A scientist measures the time period of a simple pendulum as T in a lift at rest. If the lift moves up with an acceleration equal to one-fourth of the acceleration of gravity, the new time period is

A. \[\dfrac{T}{4}\]
B. \[4T\]
C. \[\dfrac{2}{\sqrt{5}}T\]
D. \[\dfrac{\sqrt{5}}{2}T\]

Answer 1

Hint: Here the varying quantity is acceleration. According to the simple pendulum concept, the time period of the simple pendulum depends only on the acceleration and length of the pendulum. Since the acceleration is in the denominator of the equation of time period, when the acceleration increases the time period decreases.
Formula used: Time period of a simple pendulum is, \[T=2\pi \sqrt{\dfrac{L}{g}}\], where L is the length of the simple pendulum and g is the acceleration due to gravity.

Complete step by step answer:
 To find the new time period of the simple pendulum, we can redraw the figure given in the question. We can consider the length of the simple pendulum as L. At the rest, the only acceleration acting on the body is an acceleration due to gravity. That is, g. But the lift starts to move upwards with an acceleration of \[\dfrac{g}{4}\]. Thus the total acceleration of the pendulum will be the sum of acceleration due to gravity and the acceleration of the lift.

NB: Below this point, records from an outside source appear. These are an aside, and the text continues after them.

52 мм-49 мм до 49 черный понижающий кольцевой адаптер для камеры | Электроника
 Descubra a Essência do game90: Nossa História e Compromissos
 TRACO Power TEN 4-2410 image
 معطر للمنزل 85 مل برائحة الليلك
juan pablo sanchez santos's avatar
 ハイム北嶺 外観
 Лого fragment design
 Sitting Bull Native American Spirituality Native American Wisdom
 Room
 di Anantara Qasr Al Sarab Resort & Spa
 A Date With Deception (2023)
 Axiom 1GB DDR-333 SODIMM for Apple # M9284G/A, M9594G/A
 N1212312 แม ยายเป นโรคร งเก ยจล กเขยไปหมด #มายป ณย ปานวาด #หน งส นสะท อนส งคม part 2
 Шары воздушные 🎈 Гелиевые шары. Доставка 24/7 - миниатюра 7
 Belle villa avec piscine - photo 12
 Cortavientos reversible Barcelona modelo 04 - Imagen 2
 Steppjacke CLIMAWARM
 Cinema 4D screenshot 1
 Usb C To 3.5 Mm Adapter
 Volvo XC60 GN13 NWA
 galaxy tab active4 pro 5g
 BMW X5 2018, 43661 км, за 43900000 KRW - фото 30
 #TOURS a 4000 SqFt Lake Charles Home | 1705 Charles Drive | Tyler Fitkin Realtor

The time period of a simple pendulum at rest will be,
\[T=2\pi \sqrt{\dfrac{L}{g}}\], where L is the length of the simple pendulum and g is the acceleration due to gravity.
When the lift starts to move upwards, the acceleration of the lift becomes \[\dfrac{g}{4}\]. So we have to add this acceleration also with the acceleration due to gravity to get the total acceleration of the simple pendulum.
Total acceleration will be,
\[a=g+\dfrac{g}{4}\]
\[a=\dfrac{5g}{4}\]
We can plug this acceleration in the equation of time period to find the new time period.
\[{{T}_{n}}=2\pi \sqrt{\dfrac{L}{a}}\]
\[{{T}_{n}}=2\pi \sqrt{\dfrac{4L}{5g}}\]
We can compare the new time period with the initial time period.
\[{{T}_{n}}=\sqrt{\dfrac{4}{5}}T\]
It can simplify as,
\[{{T}_{n}}=\dfrac{2}{\sqrt{5}}T\], Hence the correct option is C.
Note: Motion in a lift is always a special case. Here the acceleration of the lift will bring great impact to the motion. Here we are adding the acceleration of the lift to the acceleration due to gravity since the lift moves upwards. If the lift is moving downward, we have to reduce the acceleration of the lift from the acceleration due to gravity.
The normal force acting on the body from the lift at various conditions are;
1. \[N=mg\], when the lift is at rest or moving with a constant velocity.
2. \[N=mg+ma\], when the lift moves upward with an acceleration.
3. \[N=mg-ma\], when the lift moves downward with an acceleration.
The normal force is equal to your weight. So, you will feel heavier when the lift moves upward with an acceleration a and lighter when the lift moves downward with an acceleration a.